Dear Ace: Am I the only one who thinks that the acoustics at the new Downtown Pavilion are a disaster? I went to an event there recently and the music was so distorted that it was painful to listen to. In their haste to finish the project, did they forget to hire an acoustical engineer?—Sore Ears
Dear Ears: First of all, you are not the only one who thinks that the Pavilion acoustics are abysmal. On your side, you have about one quarter of the callers to C-VILLE’s Rant line and probably half of the sleep-deprived residents living on Graves Street in Belmont.
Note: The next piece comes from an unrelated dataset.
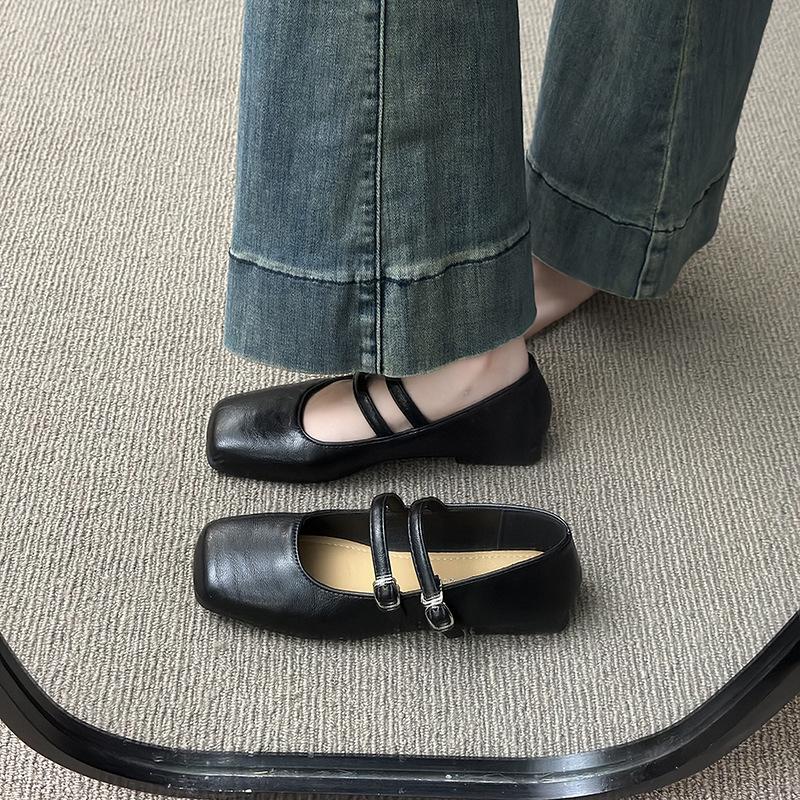 French evening breeze single shoes female 2025 spring and autumn new temperament fairy commuting square head shallow mouth Mary Jane shoes children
The good news is this: A solution is rolling down the pipeline. The estimated time of arrival? With luck, before the Widespread Panic show at the end of the month.
You see, Ears, a fabric structure, which is what the men with the big brains call the Pavilion, is notoriously challenging for acoustic engineers. The problem with the Pavilion is that it is a “bright structure.” Bright structures, in acoustic lingo, are chock full of reflective surfaces. Like the mirror-lined ceiling in the Acemobile, which reflects his handsome visage, the Pavilion’s roof and the concrete create serious reverberations. Pavilion sound consultants say the problem with the outdoor venue is a matter of physics. So if you fix the physics by hanging sound-dampening materials from the ceiling, you can also fix the acoustics.
As Pavilion General Manager Kirby Hutto put it, “The expectation…is that you have to tweak the structure to maximize the sound quality. The sound problems are not something that caught us by surprise, and we consider it a part of the process of finishing up the Pavilion.” Hutto mentioned that the baffled sound material would not actually change the appearance of the Pavilion, which may disappoint the other quarter of the callers to the Rant line, to which Ace must say, Get a life! (You think Little Feat and Widespread Panic are going to play Kokopelli’s or some prettier looking place like that?)
But there is some fine-sounding news for homeowners living near the Pavilion. The new sound-absorbing ceiling will limit the sonic waves emitting from the amphitheater, meaning: Goodbye, jam-band hippie fest noise at unwanted hours. Now, what can we do about that patchouli-stink jet stream?